Tolerating people who may not tolerate you allows you to raise above the situation. If you are tolerate to any idea and you see a red ball and Jim says the ball is yellow that doesn't change your opinion on the color. It allows you to maintain your viewpoint and allow others that may be different and incorrect in your view. Not allowing that would mean trying to convince Jim he is wrong or removing Jim from my circle.
Can't we let people hold views we deem incorrect ourselves?
Is anyone claiming people cannot hold differing views?
People can choose to not work or associate with others based on their views. We still defend their right to hold their views, just not the privilege of our company. This is technically intolerant. Still, even the law does not tolerate screaming 'Fire!' in a crowded theater.

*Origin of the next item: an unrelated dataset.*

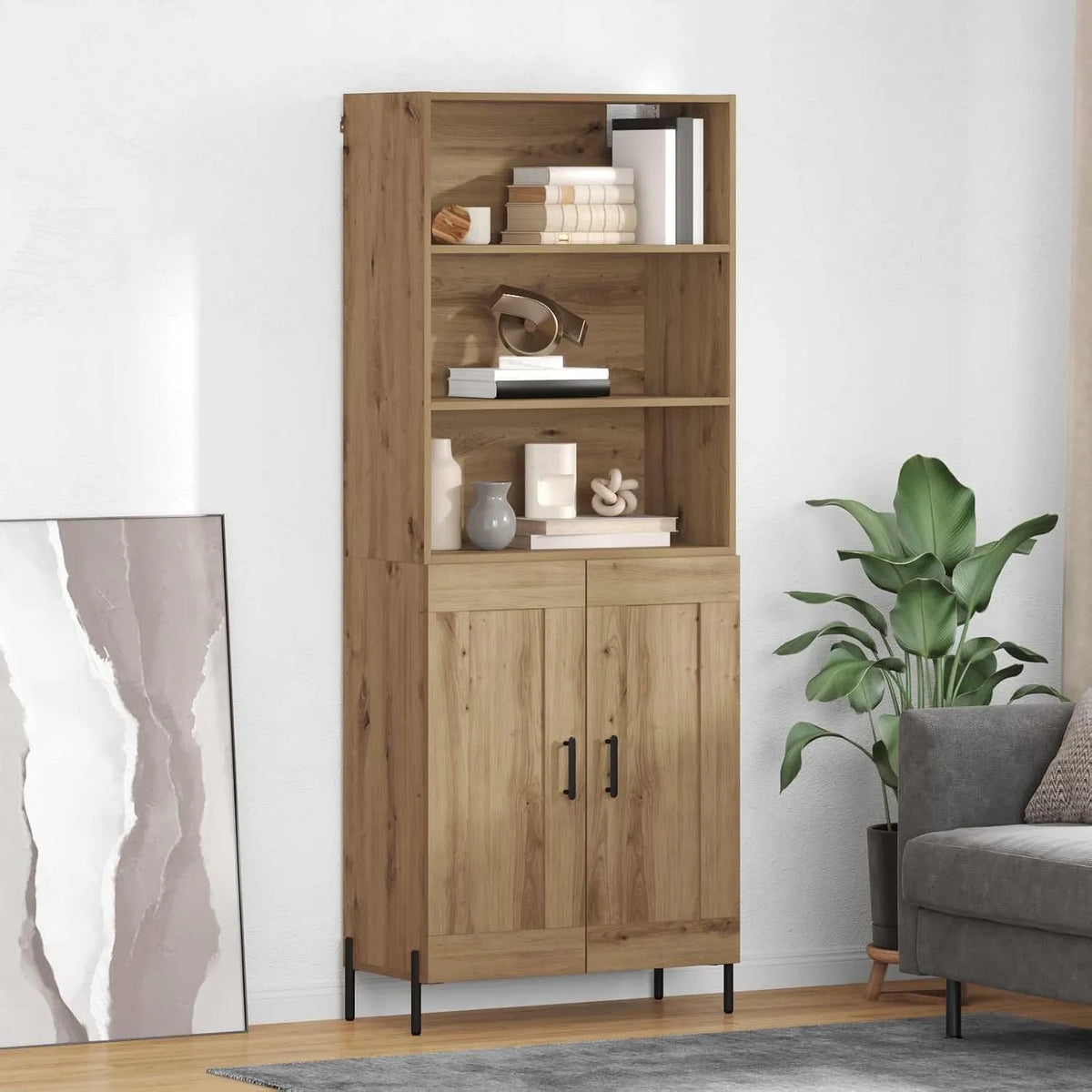 Komoda, Highboard, 69,5 x 32,5 x 180 cm, do salonu i do jadalni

In practice absolute tolerance will yield power to whomever shouts the loudest, or is the strongest, because it removes the right to not associate. (For fear of being called intolerant, on a technicality.)
> even the law does not tolerate screaming 'Fire!' in a crowded theater
That is not and has never been the law of the land. The quote comes from the dicta (commentary), not holding (ruling), of a case that prevented people from distributing flyers that opposed conscription into World War I. And that case was also eventually overturned.
Hair splitting. My point is there are limits to even the law's tolerance of speech: extortion, threats, defamation, etc.
Regardless of the legal definitions, if someone does falsely yell 'fire' in a crowded place they'll experience unpleasant consequences. Similarly if they proclaim their hatred of group X or civil right Y at job onboarding then they shouldn't be surprised to find themselves escorted out.